Gemeente Zwolle heeft in de Wateragenda (2015) uitgangspunten vastgelegd om vorm te geven aan de opgaven rondom water en (aanpassing aan het) klimaat. Gemeente Zwolle heeft haar beleid ten aanzien van afvalwater, grondwater en hemelwater vastgelegd in het Gemeentelijke Rioleringsplan 2016-2020. Hier staan ook ontwerprichtlijnen in beschreven waaraan voldaan moet worden.

In dit bestemmingsplan zijn de wateraspecten onderbouwd in paragraaf 3.6 Water.

Conclusie

Het plan is in overeenstemming met het waterbeleid.

2.7 Woonbeleid

In paragraaf 2.2.1 is aangegeven het plan van 23 woningen te beschouwen is als een ruimtelijke ontwikkeling.
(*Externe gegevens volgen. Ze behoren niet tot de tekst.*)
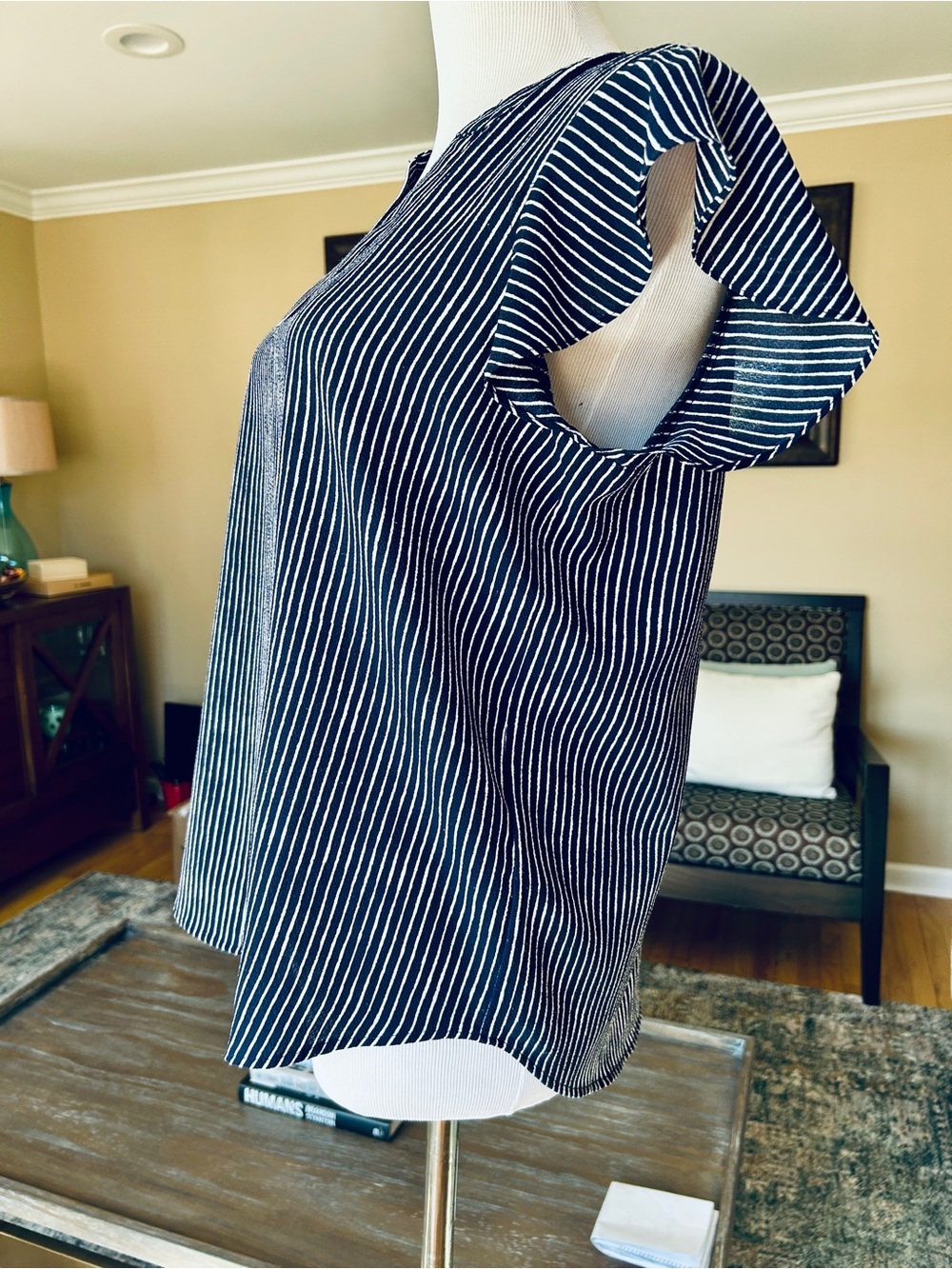 Adrianna Papell Navy White Striped Flutter Sleeve Split V-Neck Blouse Small - Picture 4 of 8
Hierna wordt de onderbouwing gegeven van de behoefte van dit plan.

Woonvisie

De Woonvisie Ruimte voor Wonen 2017 is vastgesteld door de raad op 8 mei 2017 en geldt als onderlegger voor de Omgevingsvisie. De Woonvisie bevat vier ambities: sterke groeistad, moderne woonstad, solidaire leefstad en duurzame deltastad. Zwolle groeit hard en staat voor de grote uitdaging veel nieuwe woningen toe te voegen. Binnen die groeiopgave wil Zwolle zorgen voor vernieuwende en particuliere woonconcepten en voldoende betaalbare woningen zodat Zwolle een inclusieve stad blijft. De groei van het aantal huishoudens in Zwolle (en daarmee dito de behoefte aan nieuwe woningen) bestaat voor een belangrijke deel uit de groei van een- en tweepersoons huishoudens. Op 14 april 2019 heeft de raad Ontwikkelstrategie Wonen 2019-2024 vastgesteld als actualisatie en uitvoeringsprogramma van de Woonvisie 2017.
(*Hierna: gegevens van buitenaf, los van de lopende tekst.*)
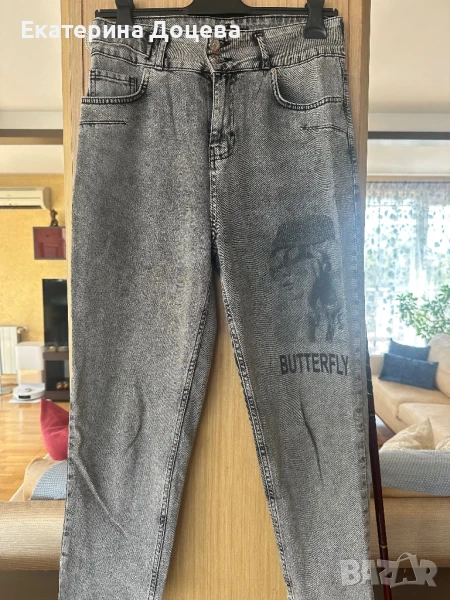 Дънки в сиво с апликация и сребърна токс, снимка 1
In de Woonvisie en Ontwikkelstrategie zijn kaders vastgelegd voor de woningbouw in Zwolle:

  • Het programma voor een project groter dan 30 woningen bestaat in beginsel uit 30% sociale huur en goedkope koop (< € 225.000), 40% middeldure (€ 225.000 – € 325.000) en 30% dure woningen (+ € 325.000), tenzij initiatiefnemer, corporatie en gemeente eens worden dat een andere verdeling beter is voor de wijk of het gebied waar het project deel van uitmaakt.
  • 60% van de nieuwbouwopgave van Zwolle vindt plaats binnen bestaand stedelijk gebied (inbreiding), 40% vindt plaats op een uitleglocatie (uitbreiding).
  • De nadruk ligt op het toevoegen van betaalbare huur- en koopwoningen voor huishoudens met een inkomen tot de huurtoeslaggrens (€ 38.050, peildatum 1 januari 2019) en voor de lage middeninkomens (huishoudinkomen tussen € 38.050 tot € 42.436, peildatum 1 januari 2019).
  • Bijzondere aandacht ook voor de groei van een- en tweepersoons huishoudens en de groeiende behoefte aan stedelijk wonen. Die ontwikkeling onderbouwt de kwalitatieve behoefte aan kleinere woningen/ appartementen binnen bestaand stedelijk gebied.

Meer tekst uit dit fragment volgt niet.